Parte del ADN humano colectado en la escena de un crimen puede provenir del aparato digestivo de artrópodos chupadores de sangre encontrados en el cuerpo o sus alrededores, como piojos (Phthiraptera: Pediculidae), chinches de cama (Hemiptera: Cimicidae), garrapatas, y mosquitos (Diptera: Culicidae).[5]

También puede ser útil determinar la presencia de sustancias extrañas en artrópodos alimentándose de los restos de un cuerpo. La entomotoxicología analiza los artrópodos colectados de restos en descomposición en ausencia de tejidos blandos o fluidos (sin los cuales no se puede hacer el análisis toxicológico de rutina), para buscar toxinas como morfina, amitriptylina, temazepam, trazodon, o 3,4-metilenedioxyanfetamina. La detección de estas sustancias puede determinar sobredosis o envenenamiento.[5]

Los artrópodos colectados en un fallecido y en el lugar donde habitaba pueden ser indicadores de las condiciones de higiene del lugar y hacía cuánto que se encontraba en ese estado, algunos de ellos pueden determinar si existió negligencia.[5]

La identificación de los artrópodos colectados puede proveer información sobre el área geográfica de la que proviene un cuerpo que fue trasladado.[5]

Cuando se necesita una identificación de especímenes, ésta puede realizarse a partir de caracteres morfológicos.
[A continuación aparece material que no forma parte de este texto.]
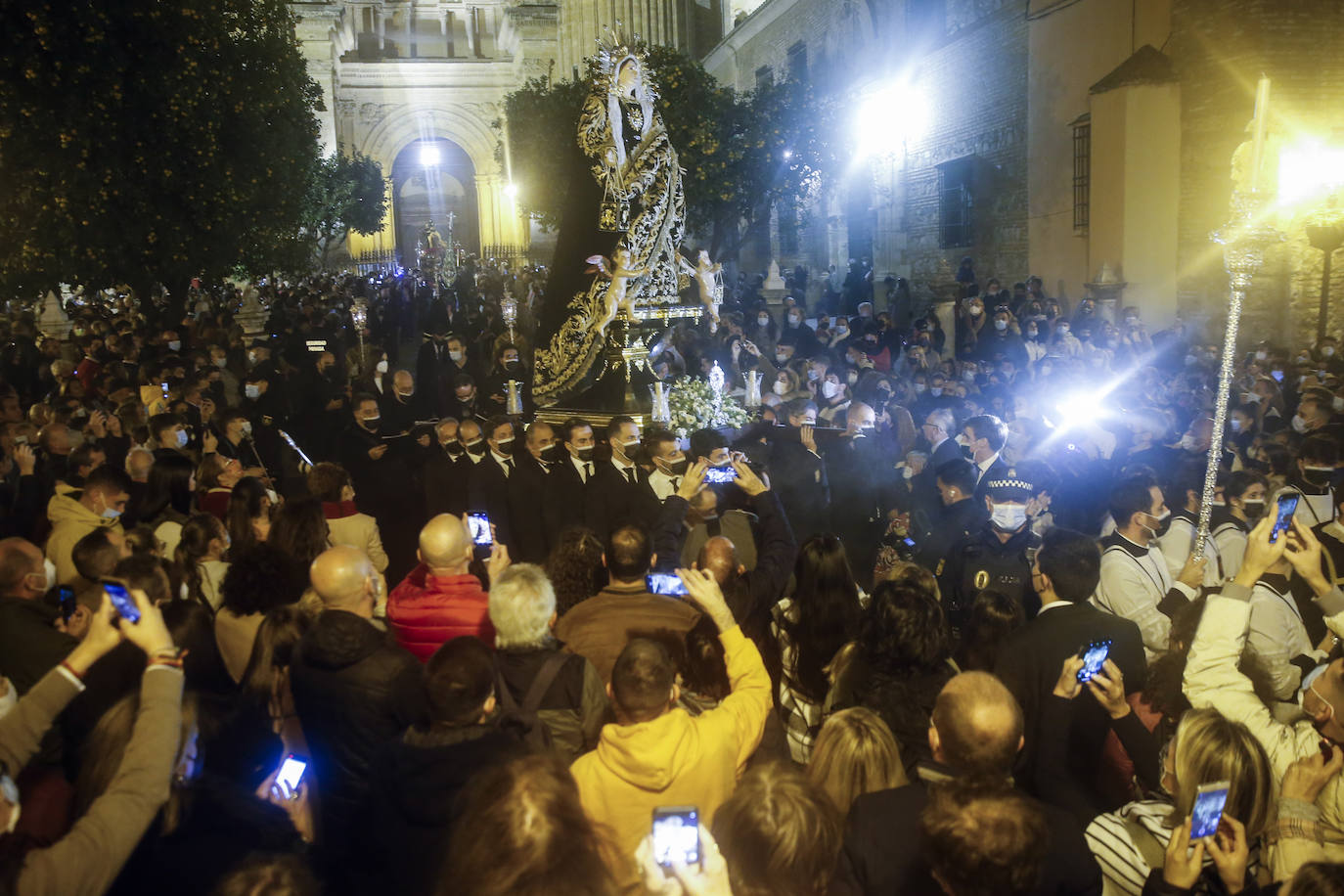 16 formaciones musicales participaron en los cortejos acompañando a las imágenes que salieron desde la Catedral 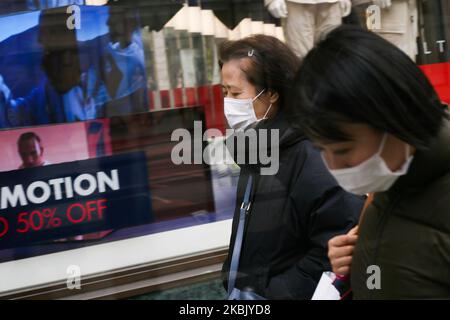 Frauen mit Gesichtsmasken gehen am 13. März 2020 an einer ruhigeren als sonst üblichen Regent Street in London, England, entlang. Typisch geschäftige Londoner Straßen und Plätze waren heute untypisch gedämpft, da das Covid-19-Coronavirus zunehmend befürchtet, den Alltag zu beenden und die Menschen von Arbeitsplätzen, Geschäften und öffentlichen Verkehrsmitteln fernzuhalten. (Foto von David Cliff/NurPhoto) Stockfoto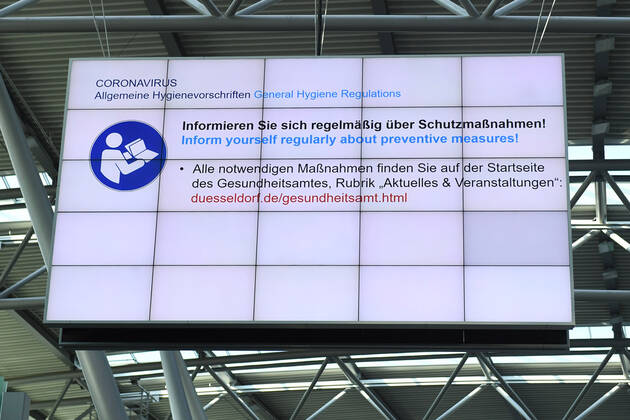 Coronavirus - Flughafen Düsseldorf 27.04.2020, Nordrhein-Westfalen, Düsseldorf: Anzeigetafel - Allgemeine Hygienevorschriften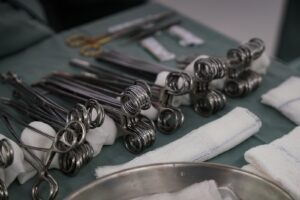 SC realiza cirurgia inédita em paciente com tumor ósseo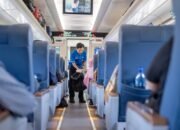 Petugas OTC KAI Services Viral Berkat Aksi Sigapnya Membantu Penumpang di KA Argo Semeru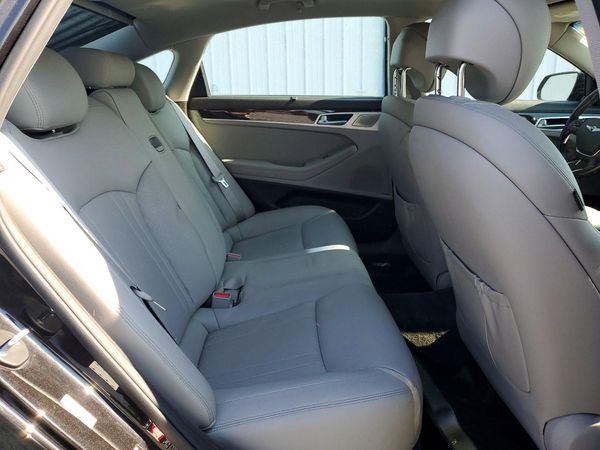 2018 GENESIS G80
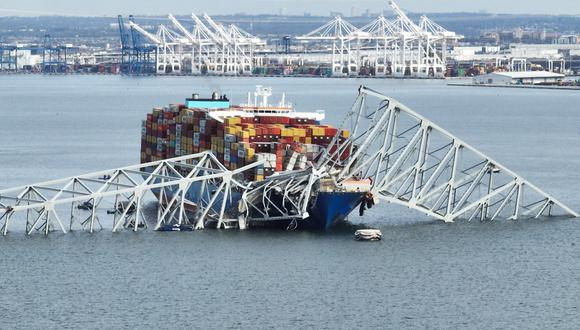 HISTORIA VIRAL: un barco derriba un puente de Baltimore, Estados Unidos, y deja varios desaparecidos. (Foto: Jim Watson / AFP)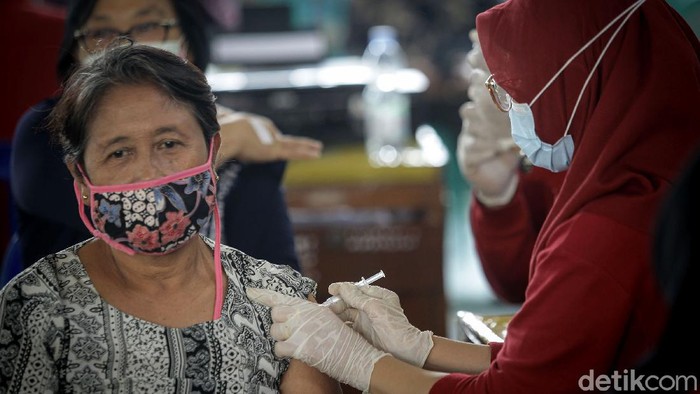 Sejumlah warga lansia di Tangerang menjalani vaksinasi COVID-19. Vaksinasi virus Corona itu digelar di Gelanggang Olahragar Gembor.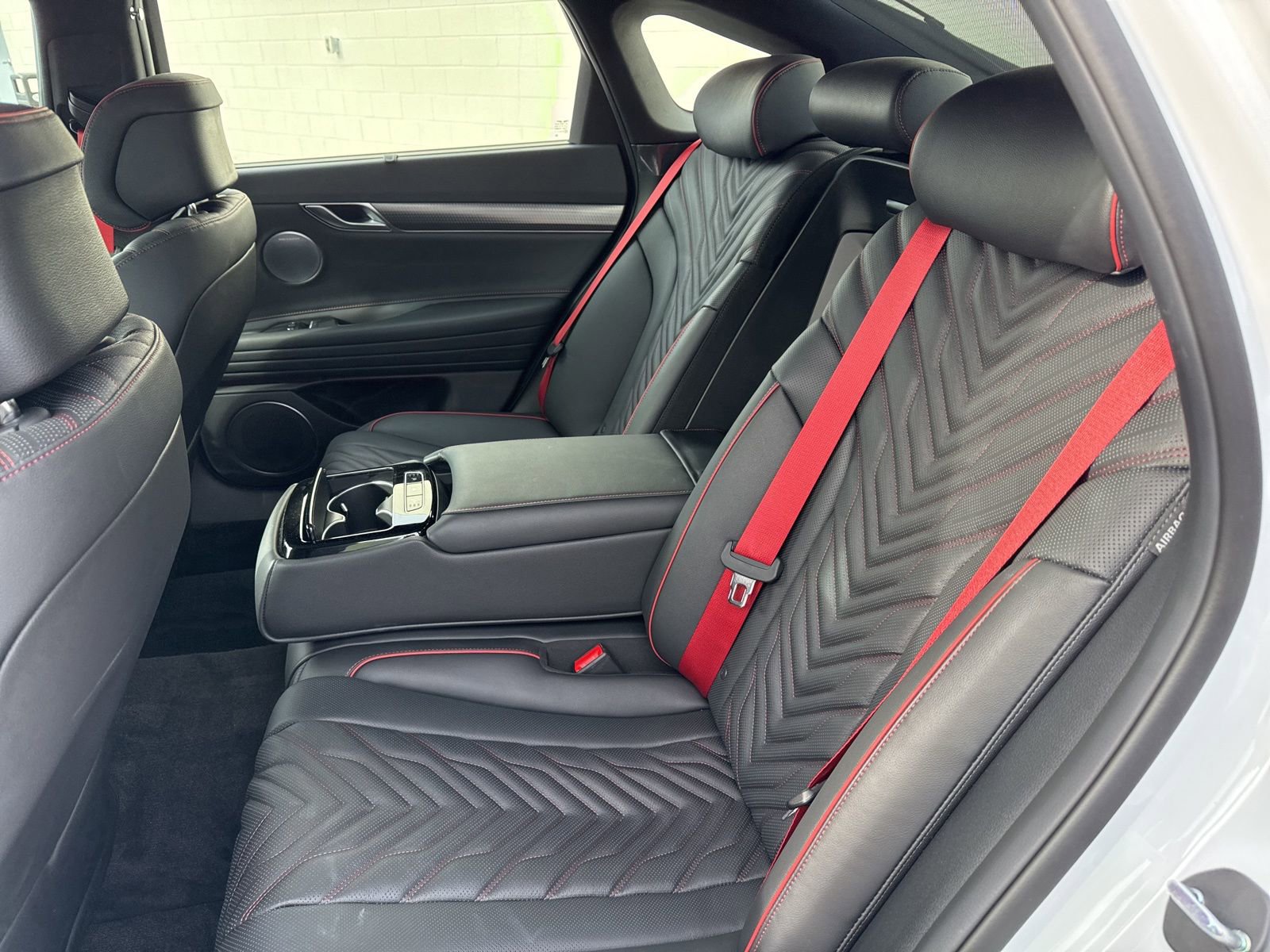 Used 2025 Genesis G80 3.5T Sport image 14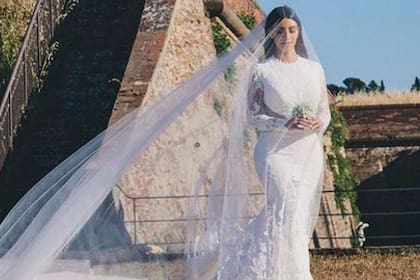 La mediática subió a sus redes sociales nuevas imágenes del gran día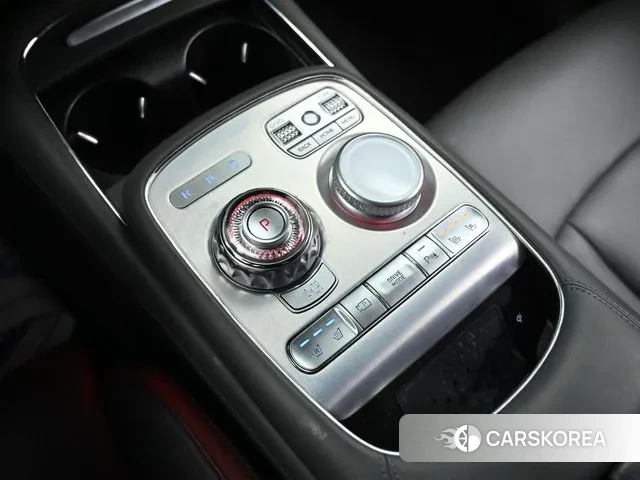 Genesis G90 (RS4) id 3452758 из Кореи 19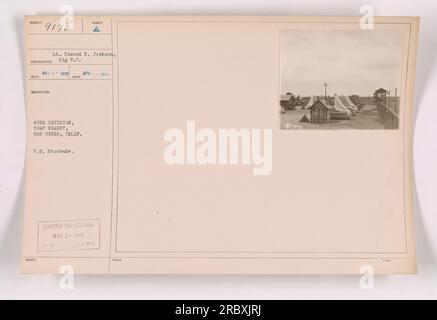 Lieutenant Edward N. Jackson, ein Fotograf des Signalkorps, hat dieses Bild 1918 aufgenommen. Das Foto zeigt die USA Stockade im Camp Kearny in San Diego, Kalifornien, während des Ersten Weltkriegs. Diese Haft wurde von der 40. Division benutzt. Das Bild wurde zensiert und am 3. Mai 1913 von den Behörden der Division veröffentlicht. Stockfoto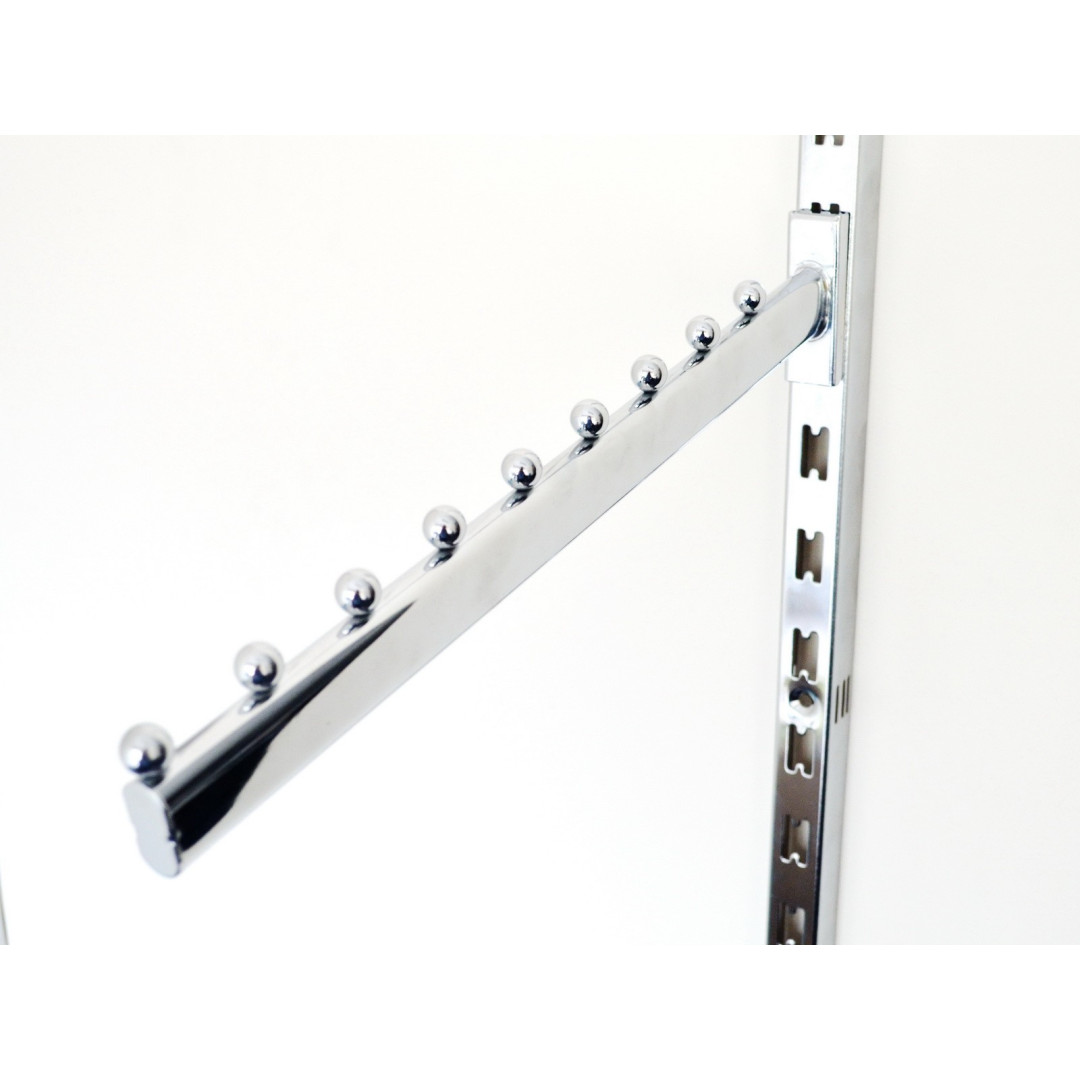 Pakaba į profilį pasvirusi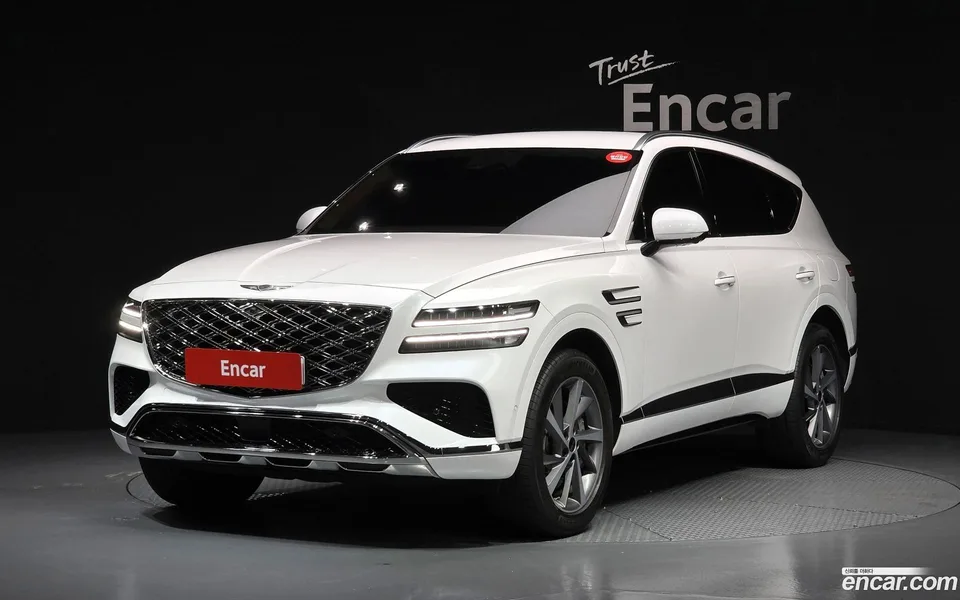 Genesis GV80 2.5T AWD 2024 — photo 1, buy with delivery to Moscow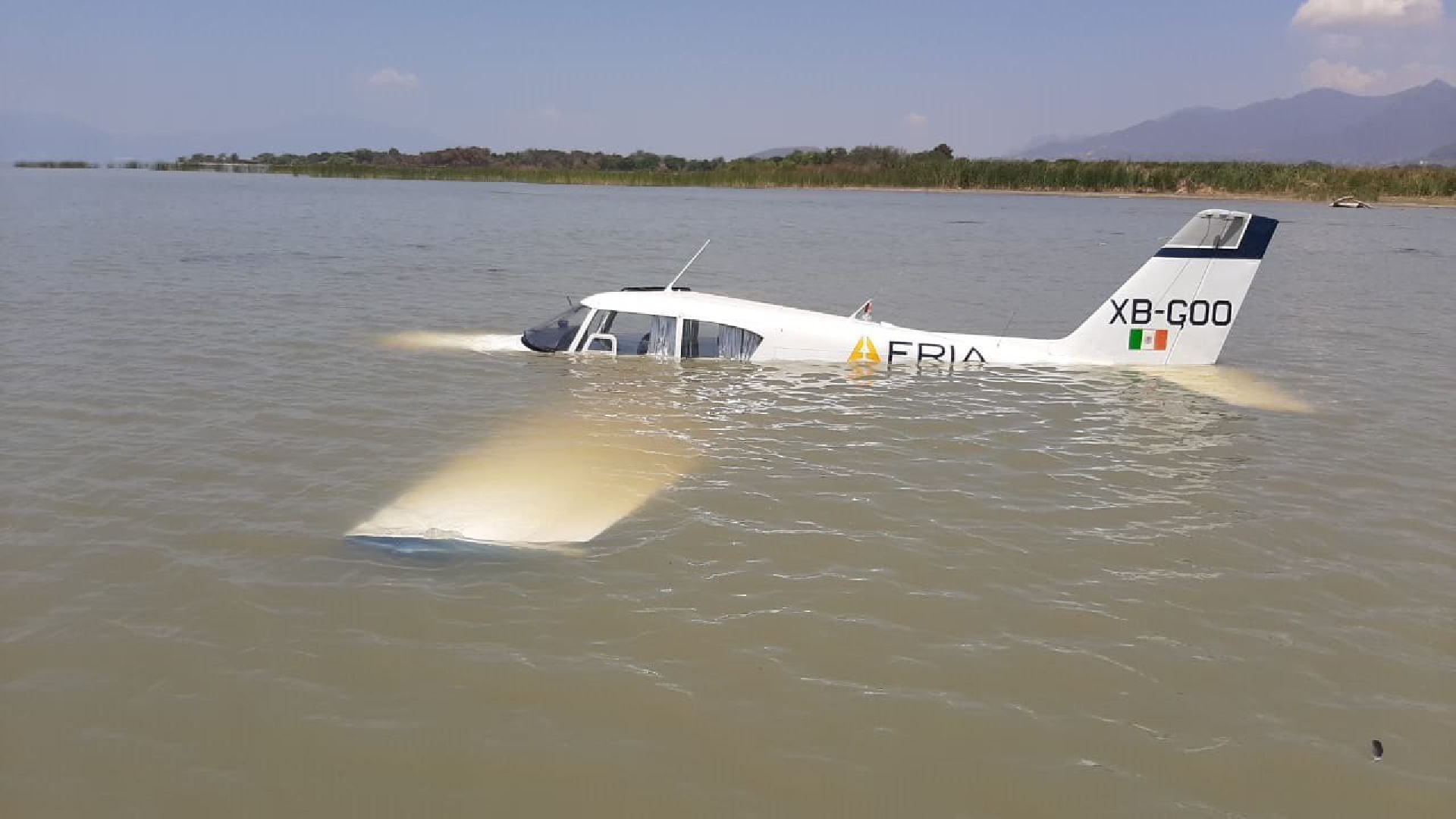 Las imágenes de la avioneta que acuatizó de emergencia en el Lago de Chapala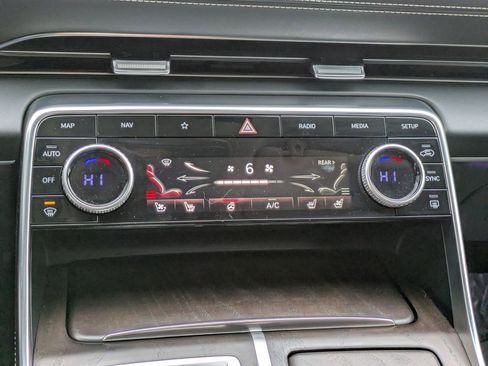 Used 2023 Genesis GV80 3.5T Advanced + image 22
Si los criterios morfológicos fuesen insuficientes para alcanzar dicho propósito, la utilización de herramientas de Biología Molecular (análisis de ADN) podrían permitir una identificación más exacta. La estimación de la edad de cada espécimen se basa en estudios previos de su desarrollo en relación con las variables ambientales.[5]

Cuando un agente biológico invade un recurso agrícola, puede requerirse del trabajo de un laboratorio de entomología para determinar si la plaga surgió naturalmente, accidentalmente o deliberadamente. Por ejemplo, Davies y colegas (1999[6]​) utilizaron especímenes preservados del US Department of Agriculture's Animal and Plant Health Inspection Service para reconstruir la historia de la invasión de la mosca Ceratitis capitata. Usando análisis de ADN, Davies y colegas fueron capaces de mostrar que los individuos capturados en la región de interés en diferentes años representaban eventos de introducción diferentes, en lugar de ser capturas de una única introducción que persistía en el tiempo con números poblacionales bajos alternados con explosiones poblacionales.

Con respecto a las colecciones necesarias para la identificación y análisis, un informe reciente (2003) del National Research Council de Estados Unidos indica que debe "desarrollarse información taxonómica y guardar especímenes de referencia para pestes o patógenos que se espera que puedan ser utilizados en ataques bioterroristas contra la agricultura de Estados Unidos de forma de poder hacer una identificación rápida y precisa después de que una peste o un patógeno es descubierto" (NRC 2003, pp. 91–92[7]​).